As described previously, CALPHAD calculations and simulations are a coupling technique for experimental and theoretical phase diagrams, thermodynamic and kinetic information, and so on. Therefore, the thermodynamic and kinetic databases are compiled by a set of expressions of Gibbs energy and atomic mobility on the basis of a number of composition−/temperature- and time−/distance-dependent functions (also contain other influence factors, e.g., pressure, volume, magnetic, etc.). In this framework, predicting mechanical properties is probably not the main direction of the CALPHAD method. However, the characteristic of the thermodynamic and kinetic database also provides some fundamental data and information to establish various mechanical databases to predict the corresponding mechanical performances. Take CALPHAD-based prediction for the Young’s moduli of the Ti-Nb-Zr-Ta/Mo system as an example [53, 54, 55, 56, 57, 58, 59]. Based on Young’s moduli data through experimental investigation and/or theoretical calculations, the composition-dependent Young’s moduli database can be built also from low-order systems to high-order systems like other thermodynamic and kinetic databases. In Figure 14, the predicted data are in good agreement with the experimental results for Young’s moduli of the body-centered cubic (BCC) Ti-Nb-Zr-Mo system. It shows that the CALPHAD-based prediction for Young’s moduli on the basis of the accurate database is a reliable method.

4.2 Electrochemical corrosion performance

From the corrosion mechanism perspective, electrochemical corrosion and high-temperature oxidation are the most important two types of corrosion. Therefore, both of the main kinds of corrosion predicted by the CALPHAD-based calculations and simulations will be introduced in the last two sections.

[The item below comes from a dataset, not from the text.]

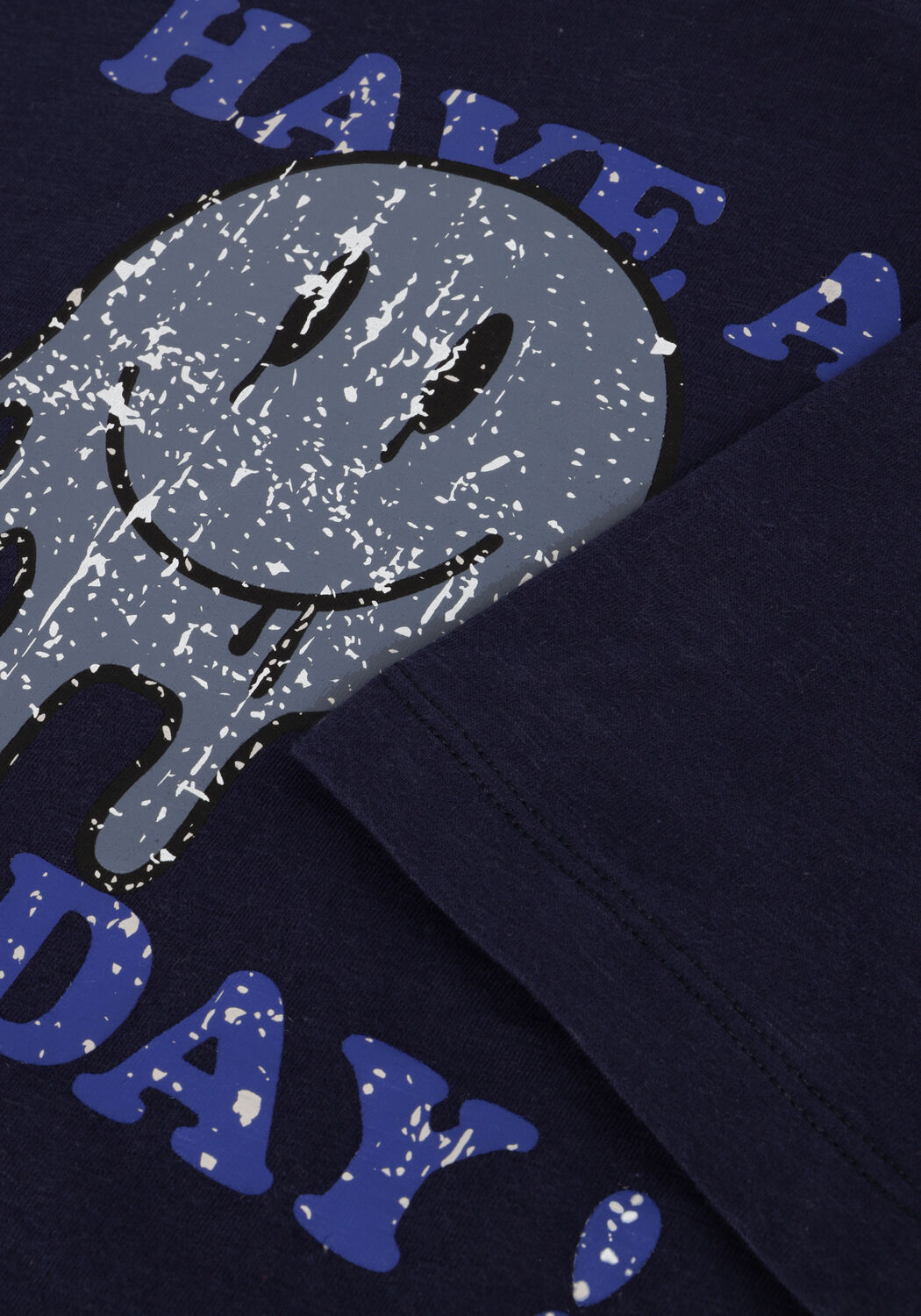 Dunkelblau SOFIE SCHNOOR T-shirt G243266 - large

The electrochemical corrosion is usually treated as wet corrosion, i.e., the metal undergoes some reactions in various specific aqueous solutions. Therefore, understanding the electrochemical corrosion mechanism in thermodynamics and kinetics are two key points. The CALPHAD-based prediction is a powerful technique to study the thermodynamic theory of electrochemical corrosion; a typical representative application is the calculation of the Pourbaix diagram.

The Pourbaix diagram, i.e., potential-pH diagrams, derived by M. Pourbaix, collected thermodynamic information for the relevant electrochemical and chemical reactions. With the development of the experimental and theoretical thermodynamic data for the Pourbaix diagram, the calculation of the Pourbaix diagram can be applied not only in corrosion science but also in hydrometallurgy and electrodeposition processing. In the field of corrosion science, the potential-pH domain represents two significant physical and chemical processes. That is, potential is an important characteristic parameter to reflect the metal either kept in an immunity state or reacted to various specific oxidation or ionic states; pH is a significant typical parameter to mirror the activities of H⁺ or OH⁻ in corrosive media or environment. The two parameters usually represent the anodic and cathodic reactions, respectively. Therefore, the calculation of the Pourbaix diagram is a unique method to predict electrochemical corrosion behaviors.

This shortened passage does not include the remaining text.